That approach is itself noteworthy. Space hardware is often designed and built direct from drawing board to finished product, using components and systems with some flight history. GP-B doesn’t have that luxury-nor does it have any margin for error. "This is not a straightforward engineering task," says John Turneaure, a co-principal investigator on the project. After working out the design concept, the team developed small portions of the hardware and demonstrated that each would work. Next, they put these pieces together in small groups for subsystem testing and finally assembled the subsystems in order to test the workings of the complete instrument.

In practical terms that means the team has had to build, test, and refine two prototypes of the GP-B probe that will never even fly in space. A scaled-down version of the probe, designed to test the gyroscopes’ performance in low gravity, is scheduled to fly on the shuttle in 1995.

Then there’s the nightmarish "Gravity Probe B Error Tree" to consider. That’s a poster that shows 177 boxes representing factors that could affect GP-B’s final measurements. On a mission where a random gas molecule in the instrument or too much sloshing of the liquid helium could queer the whole thing, the tolerances for each of those 177 factors must be excruciatingly fine to guarantee valid results. Says science mission project manager Jeremy Kasdin, whose office displays the poster, "The idea is to make sure we’ve tracked all the errors, understand them, and can drive them down." But always there is the overarching question: What if the gyroscopes get rocked by a disturbance no one had foreseen?

Everitt has obviously fielded this question before.
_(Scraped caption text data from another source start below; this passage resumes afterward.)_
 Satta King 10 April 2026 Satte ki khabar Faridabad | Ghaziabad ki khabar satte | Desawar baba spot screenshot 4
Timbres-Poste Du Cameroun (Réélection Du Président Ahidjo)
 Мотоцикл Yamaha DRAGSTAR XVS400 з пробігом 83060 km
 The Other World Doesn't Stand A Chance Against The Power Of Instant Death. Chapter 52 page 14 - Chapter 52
He fairly leaps to the board in his office and launches into an hour-long lecture on the checks, cross-checks, and redundancies built into GP-B, as well as the years he and his colleagues have spent considering the possible effects of everything from cosmic rays to micrometeoroids--at the end of which he say, "So I’ve really just given you flavors, rather than a detailed argument of why I think the results of this experiment will be very believable."
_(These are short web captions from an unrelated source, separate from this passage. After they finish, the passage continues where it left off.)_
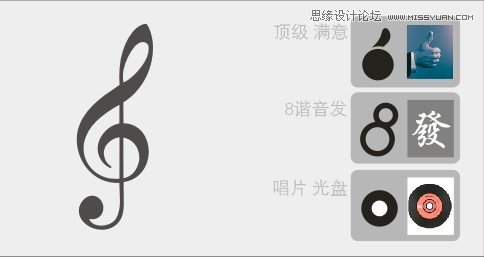 һΪԪصLOGO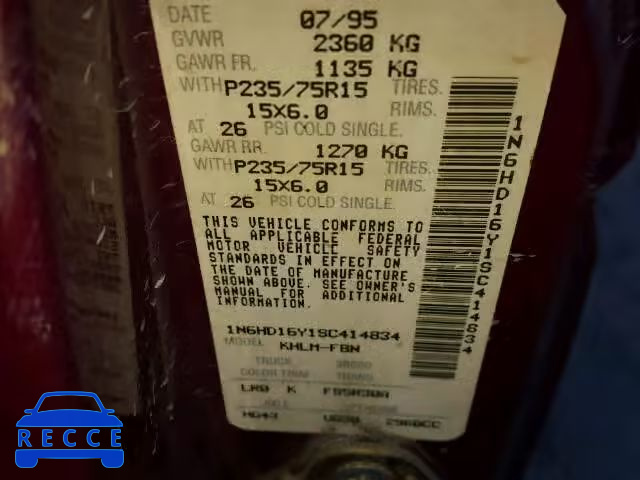 1995 NISSAN TRUCK KING 1N6HD16Y1SC414834 image 9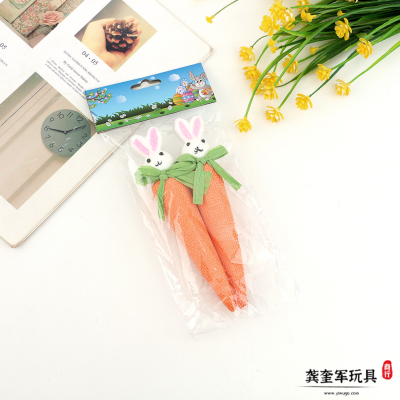Creative Easter Ornaments Carrot Carrot Rabbit Handmade DIY Decorations Fabric Props Factory Wholesale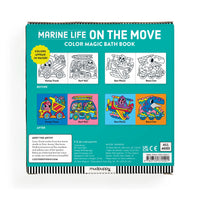 *NEW* Mudpuppy Color Magic Bath Book: Marine Life On the Move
This, when you talk to the GP-B team, is the hope they profess. Not to overthrow Einstein. Not to lay the foundation for a new theory of the universe. "I’d like to see experimental results with very low uncertainty and internal consistency which other scientists will believe," says John Turneaure.
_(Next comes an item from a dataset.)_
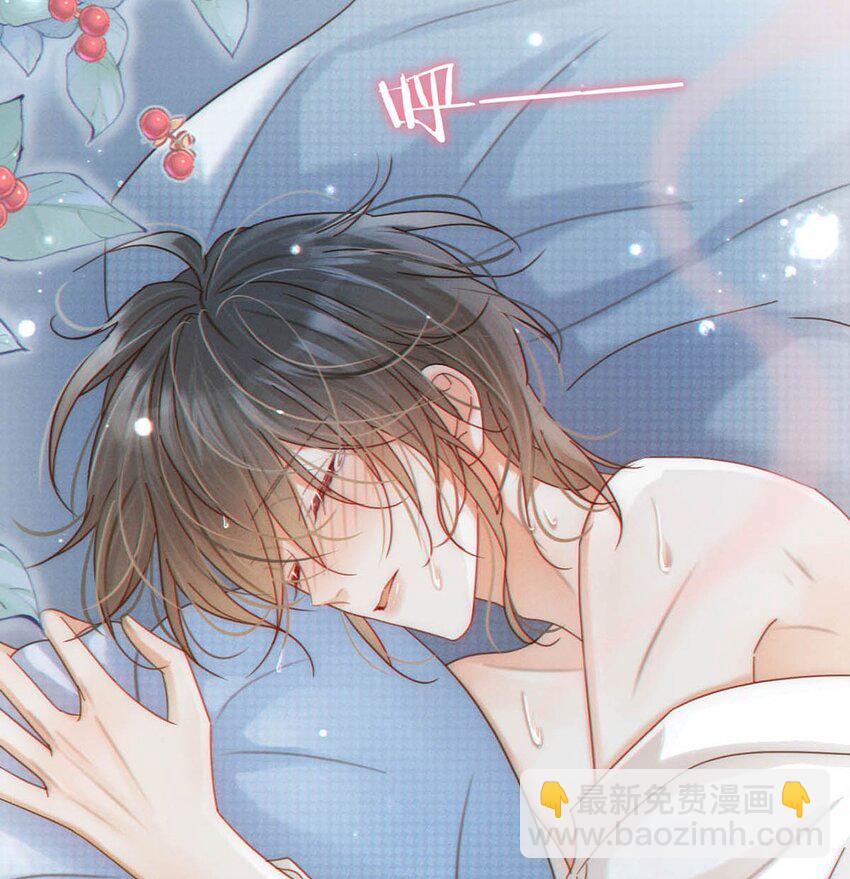 065 &hellip;&hellip;我想要连诀的味道。-第68话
But that’s just the problem, say some critics of GP-B, who contend that the vast majority of the scientific community already believes the theory of general relativity. It’s been supported increasingly by sophisticated astronomical observations, say these critics; GP-B is a risky, one-shot experiment that can’t be corroborated by another, so why not spend our money in a potentially more productive area?

To which Everitt and his team reply that, accepted or not, Einstein’s theory needs revision. For one thing, it doesn’t square with quantum mechanics. Furthermore, while Einstein’s theory of special relativity, which weaved space and time together and produced the famous equation E=mc2, is well verified, his theory of general relativity isn’t. Though a few observations confirm certain aspects of general relativity (see "The Case for Einstein,"), important aspects of the theory have yet to be tested by traditional scientific experimentation. Given a chance to do that--to achieve some results that are unprecedented in their precision and others that are altogether unique--why not try?

Everitt sums up his position with a classic bit of British understatement: "Here’s all we can say: That we’re pressing into a new and interesting area where we know eventually something has to be found. We do not know whether GP-B will find that something. But nobody at the moment has any much better ideas about where to find something, so maybe let’s press on."

NASA’s support for GP-B has run hot and cold. At one time then-administrator James Fletcher reportedly told a subordinate arguing for the program, "We’ve got the technology from it, let’s just cancel it." Today more people seem to echo the sentiments of Charles Pellerin, formerly NASA’s astrophysics director who says, "I’d like to see it happen. But I’ve also created forums where we have discussions about it, because I feel the most important thing was to get the truth on the table, and let’s all make decisions based on truth."

That’s meant an endless series of review committees trooping through Stanford, most skeptical about GP-B when they started, almost all laudatory by the time they finished. Perhaps the most threatening group was convened early last year. "This was the committee to end all committees," says program manager Brad Parkinson, a co-principal investigator on the project and, before that, one of the founders of the Global Positioning System. "Everyone who had ever breathed a strong word against us was put on this committee."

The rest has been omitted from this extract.